### Information provided
══════════

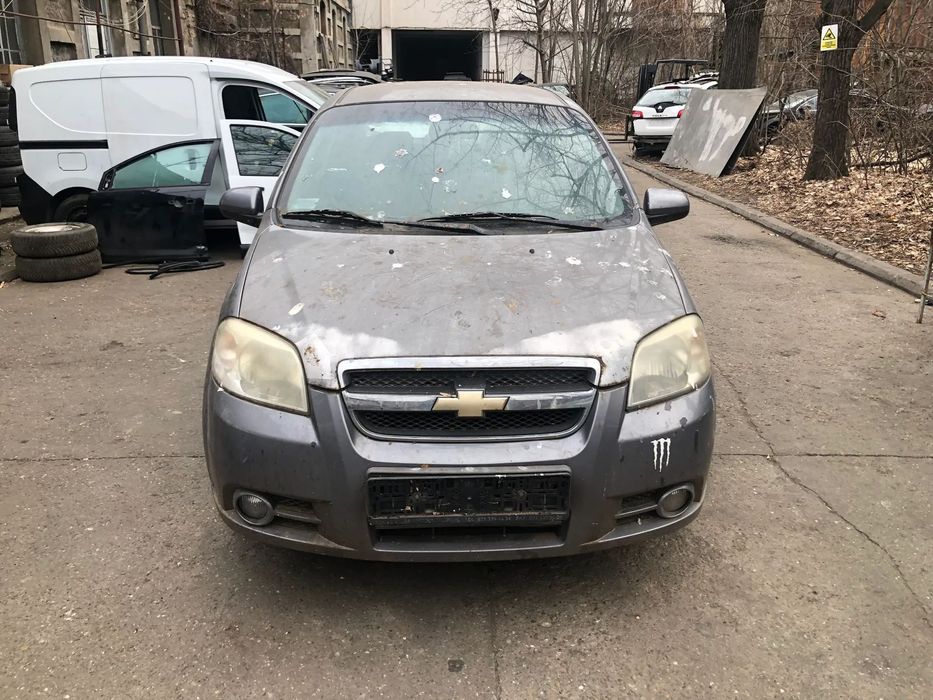 Dezmembrez Chevrolet Aveo 2008 gri benzina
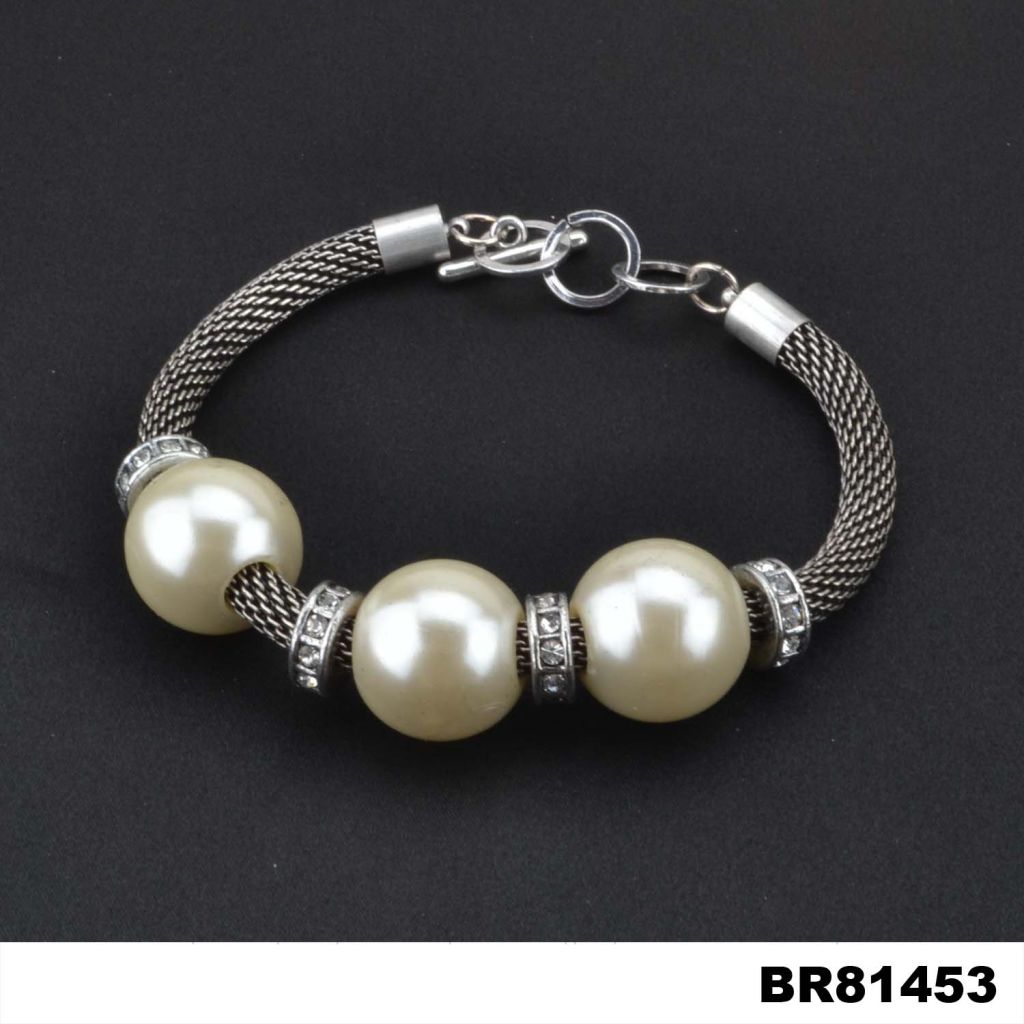 Metal Alloy Glass Bracelet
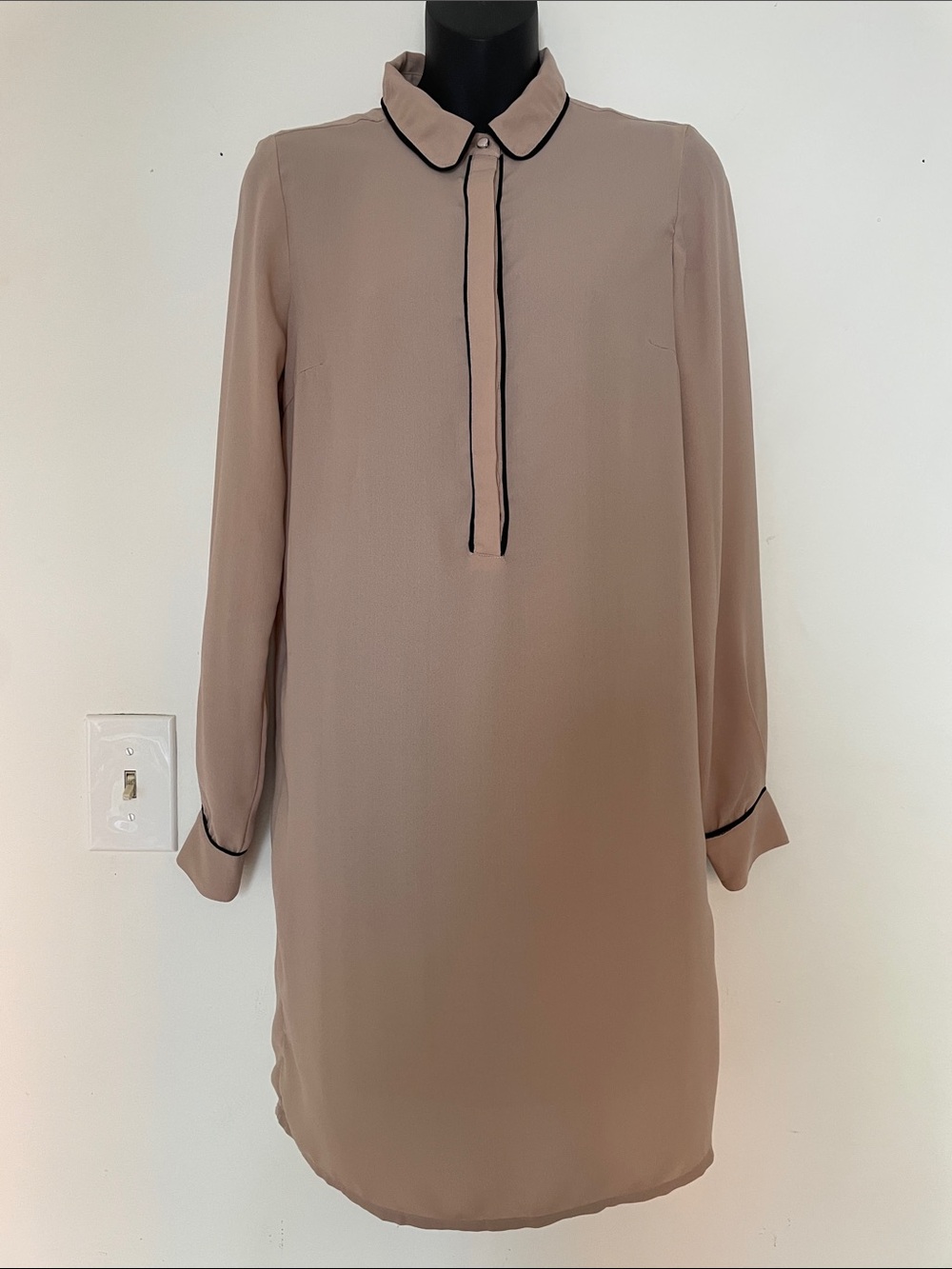 Classic Dusty Rose Long-Sleeve Shift Dress with Contrast Trim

══════════

### Task prompt
All the lines above should be reproduced exactly, and none of the pictures.

### Task solution
 Dezmembrez Chevrolet Aveo 2008 gri benzina
 Metal Alloy Glass Bracelet
 Classic Dusty Rose Long-Sleeve Shift Dress with Contrast Trim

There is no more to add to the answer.